Aim of the exercise:
After locating the line with "Adirondack Style 3" in the data that follows, return it and every later line exactly, up to and including the line with "Barbie Color Reveal".

Material for the task:
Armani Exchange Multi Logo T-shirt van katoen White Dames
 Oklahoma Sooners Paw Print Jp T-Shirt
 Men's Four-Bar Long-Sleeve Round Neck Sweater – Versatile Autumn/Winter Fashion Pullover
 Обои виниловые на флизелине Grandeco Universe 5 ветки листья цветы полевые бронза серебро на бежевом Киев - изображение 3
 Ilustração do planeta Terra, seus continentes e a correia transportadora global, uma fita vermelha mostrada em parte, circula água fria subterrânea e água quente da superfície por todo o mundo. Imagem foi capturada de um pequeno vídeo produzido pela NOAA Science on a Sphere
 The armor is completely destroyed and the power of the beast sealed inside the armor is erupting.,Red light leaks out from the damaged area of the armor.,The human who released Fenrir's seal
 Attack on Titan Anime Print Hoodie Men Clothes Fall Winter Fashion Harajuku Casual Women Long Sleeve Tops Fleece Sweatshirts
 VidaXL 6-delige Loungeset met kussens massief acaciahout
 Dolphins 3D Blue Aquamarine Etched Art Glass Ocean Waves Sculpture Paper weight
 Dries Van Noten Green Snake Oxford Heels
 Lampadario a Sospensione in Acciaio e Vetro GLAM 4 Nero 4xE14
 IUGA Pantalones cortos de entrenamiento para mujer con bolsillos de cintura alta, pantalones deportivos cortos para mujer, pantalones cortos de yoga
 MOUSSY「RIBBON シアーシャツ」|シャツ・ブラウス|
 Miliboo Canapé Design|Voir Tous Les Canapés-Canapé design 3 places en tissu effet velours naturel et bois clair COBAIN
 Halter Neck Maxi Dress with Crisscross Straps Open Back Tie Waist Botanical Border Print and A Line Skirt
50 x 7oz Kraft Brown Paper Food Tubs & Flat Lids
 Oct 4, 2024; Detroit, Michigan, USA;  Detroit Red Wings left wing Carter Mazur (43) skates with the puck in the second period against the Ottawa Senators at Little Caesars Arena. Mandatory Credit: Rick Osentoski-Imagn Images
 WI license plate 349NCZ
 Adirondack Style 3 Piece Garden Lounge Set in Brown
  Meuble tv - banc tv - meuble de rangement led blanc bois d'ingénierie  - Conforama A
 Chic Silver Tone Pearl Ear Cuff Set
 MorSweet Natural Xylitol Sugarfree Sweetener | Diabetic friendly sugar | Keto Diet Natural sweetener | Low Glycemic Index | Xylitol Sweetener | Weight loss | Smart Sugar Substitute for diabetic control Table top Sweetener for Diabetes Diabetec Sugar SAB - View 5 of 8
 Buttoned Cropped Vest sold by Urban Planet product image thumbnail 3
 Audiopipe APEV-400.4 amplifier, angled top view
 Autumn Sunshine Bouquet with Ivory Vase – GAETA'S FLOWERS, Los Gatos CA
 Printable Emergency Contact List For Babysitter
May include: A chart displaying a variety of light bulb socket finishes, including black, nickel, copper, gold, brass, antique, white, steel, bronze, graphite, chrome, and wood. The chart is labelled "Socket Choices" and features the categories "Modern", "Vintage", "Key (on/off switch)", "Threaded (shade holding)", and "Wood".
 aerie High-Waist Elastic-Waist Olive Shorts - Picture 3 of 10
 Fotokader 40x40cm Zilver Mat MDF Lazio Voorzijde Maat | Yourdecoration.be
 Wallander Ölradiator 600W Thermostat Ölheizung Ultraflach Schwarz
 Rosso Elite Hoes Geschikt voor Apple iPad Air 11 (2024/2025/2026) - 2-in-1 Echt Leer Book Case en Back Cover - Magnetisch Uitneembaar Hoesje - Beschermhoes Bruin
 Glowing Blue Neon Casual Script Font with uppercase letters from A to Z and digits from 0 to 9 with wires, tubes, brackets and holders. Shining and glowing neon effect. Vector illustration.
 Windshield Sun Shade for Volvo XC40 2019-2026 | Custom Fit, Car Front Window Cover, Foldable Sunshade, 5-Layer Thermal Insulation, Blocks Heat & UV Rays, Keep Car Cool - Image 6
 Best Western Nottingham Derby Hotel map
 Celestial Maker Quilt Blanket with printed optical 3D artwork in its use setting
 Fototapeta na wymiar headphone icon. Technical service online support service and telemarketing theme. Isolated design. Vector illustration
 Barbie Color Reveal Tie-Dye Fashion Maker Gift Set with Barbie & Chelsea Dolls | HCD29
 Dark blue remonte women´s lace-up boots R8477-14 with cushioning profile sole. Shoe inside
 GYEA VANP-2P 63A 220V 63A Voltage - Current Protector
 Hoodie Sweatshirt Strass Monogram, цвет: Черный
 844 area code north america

Solution for this task:
 Adirondack Style 3 Piece Garden Lounge Set in Brown
  Meuble tv - banc tv - meuble de rangement led blanc bois d'ingénierie  - Conforama A
 Chic Silver Tone Pearl Ear Cuff Set
 MorSweet Natural Xylitol Sugarfree Sweetener | Diabetic friendly sugar | Keto Diet Natural sweetener | Low Glycemic Index | Xylitol Sweetener | Weight loss | Smart Sugar Substitute for diabetic control Table top Sweetener for Diabetes Diabetec Sugar SAB - View 5 of 8
 Buttoned Cropped Vest sold by Urban Planet product image thumbnail 3
 Audiopipe APEV-400.4 amplifier, angled top view
 Autumn Sunshine Bouquet with Ivory Vase – GAETA'S FLOWERS, Los Gatos CA
 Printable Emergency Contact List For Babysitter
May include: A chart displaying a variety of light bulb socket finishes, including black, nickel, copper, gold, brass, antique, white, steel, bronze, graphite, chrome, and wood. The chart is labelled "Socket Choices" and features the categories "Modern", "Vintage", "Key (on/off switch)", "Threaded (shade holding)", and "Wood".
 aerie High-Waist Elastic-Waist Olive Shorts - Picture 3 of 10
 Fotokader 40x40cm Zilver Mat MDF Lazio Voorzijde Maat | Yourdecoration.be
 Wallander Ölradiator 600W Thermostat Ölheizung Ultraflach Schwarz
 Rosso Elite Hoes Geschikt voor Apple iPad Air 11 (2024/2025/2026) - 2-in-1 Echt Leer Book Case en Back Cover - Magnetisch Uitneembaar Hoesje - Beschermhoes Bruin
 Glowing Blue Neon Casual Script Font with uppercase letters from A to Z and digits from 0 to 9 with wires, tubes, brackets and holders. Shining and glowing neon effect. Vector illustration.
 Windshield Sun Shade for Volvo XC40 2019-2026 | Custom Fit, Car Front Window Cover, Foldable Sunshade, 5-Layer Thermal Insulation, Blocks Heat & UV Rays, Keep Car Cool - Image 6
 Best Western Nottingham Derby Hotel map
 Celestial Maker Quilt Blanket with printed optical 3D artwork in its use setting
 Fototapeta na wymiar headphone icon. Technical service online support service and telemarketing theme. Isolated design. Vector illustration
 Barbie Color Reveal Tie-Dye Fashion Maker Gift Set with Barbie & Chelsea Dolls | HCD29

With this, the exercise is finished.